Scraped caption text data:
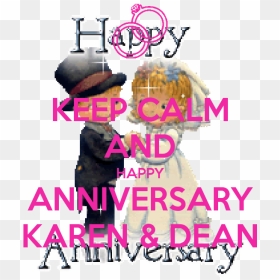 Keep Calm And Happy Anniversary Karen & Dean - Poster, HD Png Download - nuestra boda png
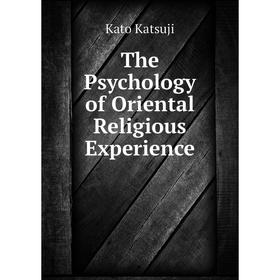 

Книга The Psychology of Oriental Religious Experience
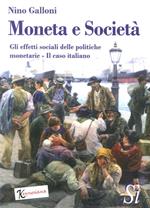 Moneta e società. Gli effetti sociali delle politiche monetarie. Il caso italiano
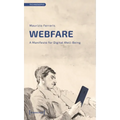 Webfare: A Manifesto for Digital Well-Being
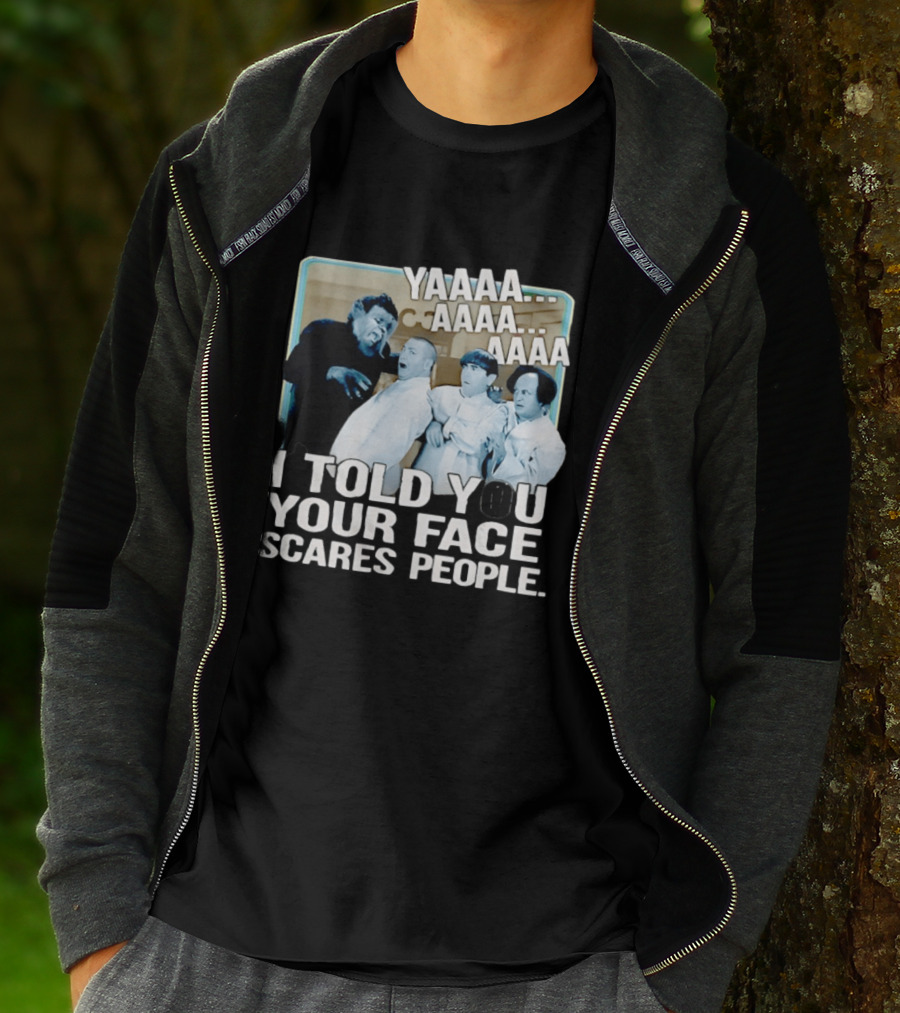 YAAAA... I Told You Your Face Scares People T-Shirt
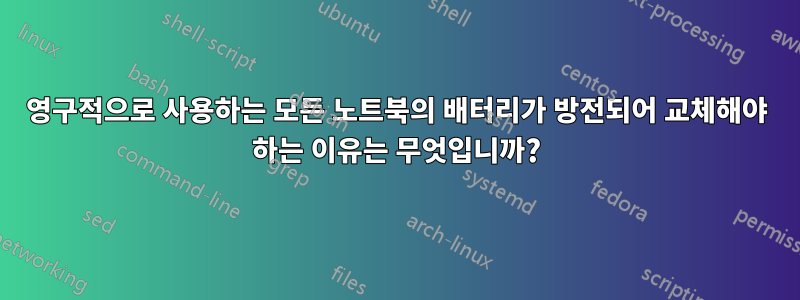 영구적으로 사용하는 모든 노트북의 배터리가 방전되어 교체해야 하는 이유는 무엇입니까?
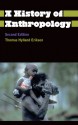 A History of Anthropology - Thomas Hylland Eriksen, Finn Sivert Nielsen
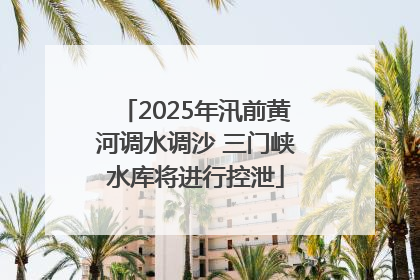 2025年汛前黄河调水调沙 三门峡水库将进行控泄
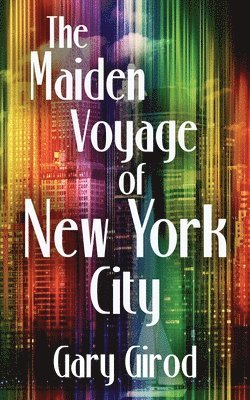 The Maiden Voyage of New York City 1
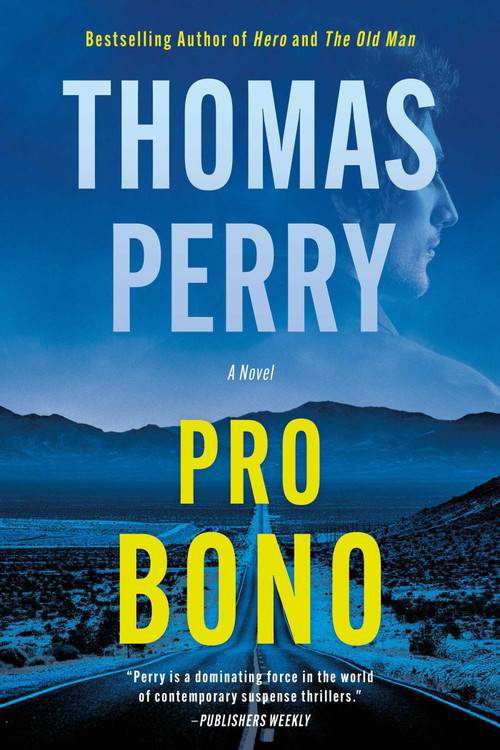 Pro Bono by Thomas Perry, 9781613166161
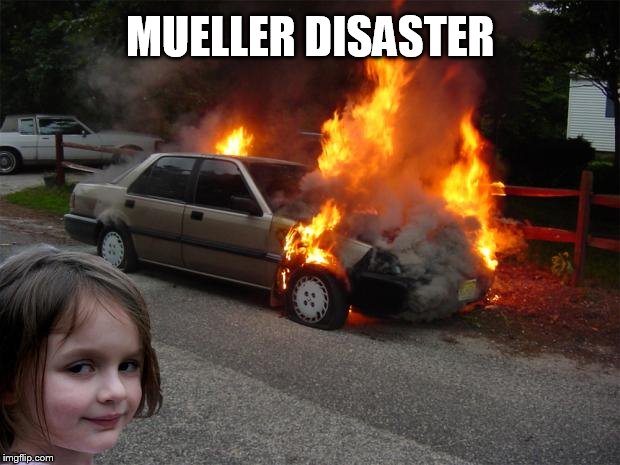 disaster girl car | MUELLER DISASTER | image tagged in disaster girl car | made w/ Imgflip meme maker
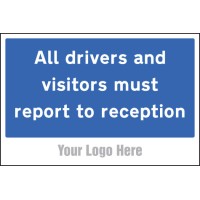 All Drivers and Visitors Must Report to Reception - Add a Logo - Site Saver - TESTTTTT!!!!! 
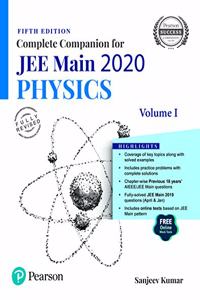 Complete Companion for JEE Main 2020 Physics Volume 1 | Previous 18 Year's AIEEE/JEE Mains Questions | Fifth Edition | By Pearson
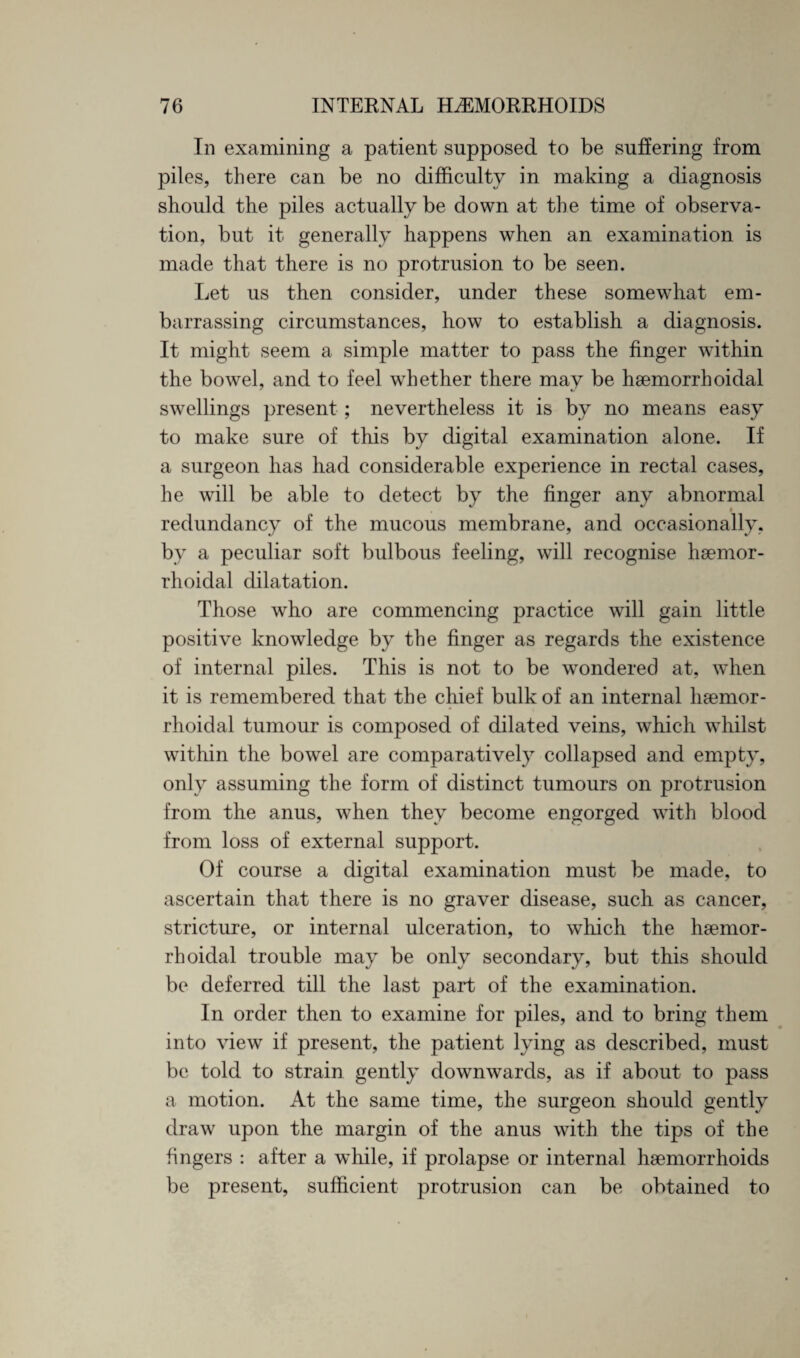 In examining a patient supposed to be suffering from piles, there can be no difficulty in making a diagnosis should the piles actually be down at the time of observa¬ tion, but it generally happens when an examination is made that there is no protrusion to be seen. Let us then consider, under these somewhat em¬ barrassing circumstances, how to establish a diagnosis. It might seem a simple matter to pass the finger within the bowel, and to feel wTh ether there may be haemorrhoidal swellings present; nevertheless it is by no means easy to make sure of this by digital examination alone. If a surgeon has had considerable experience in rectal cases, he will be able to detect by the finger any abnormal redundancy of the mucous membrane, and occasionally, by a peculiar soft bulbous feeling, will recognise haemor- rhoidal dilatation. Those who are commencing practice will gain little positive knowledge by the finger as regards the existence of internal piles. This is not to be wTondered at, wTien it is remembered that the chief bulk of an internal haemor¬ rhoidal tumour is composed of dilated veins, which whilst within the bowel are comparatively collapsed and empty, only assuming the form of distinct tumours on protrusion from the anus, when they become engorged with blood from loss of external support. Of course a digital examination must be made, to ascertain that there is no graver disease, such as cancer, stricture, or internal ulceration, to which the haemor¬ rhoidal trouble may be only secondary, but this should be deferred till the last part of the examination. In order then to examine for piles, and to bring them into view if present, the patient lying as described, must be told to strain gently downwards, as if about to pass a motion. At the same time, the surgeon should gently draw upon the margin of the anus with the tips of the fingers : after a while, if prolapse or internal haemorrhoids be present, sufficient protrusion can be obtained to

▶ [Directions for this task]:
Take the lines above starting at the one containing "영구적으로 사용하는 모든" and ending at the one containing "Pro Bono by Thomas Perry, 9781613166161", and print them again exactly, without pictures.

▶ [Reply]:
 영구적으로 사용하는 모든 노트북의 배터리가 방전되어 교체해야 하는 이유는 무엇입니까?
 A History of Anthropology - Thomas Hylland Eriksen, Finn Sivert Nielsen
 2025年汛前黄河调水调沙 三门峡水库将进行控泄
 The Maiden Voyage of New York City 1
 Pro Bono by Thomas Perry, 9781613166161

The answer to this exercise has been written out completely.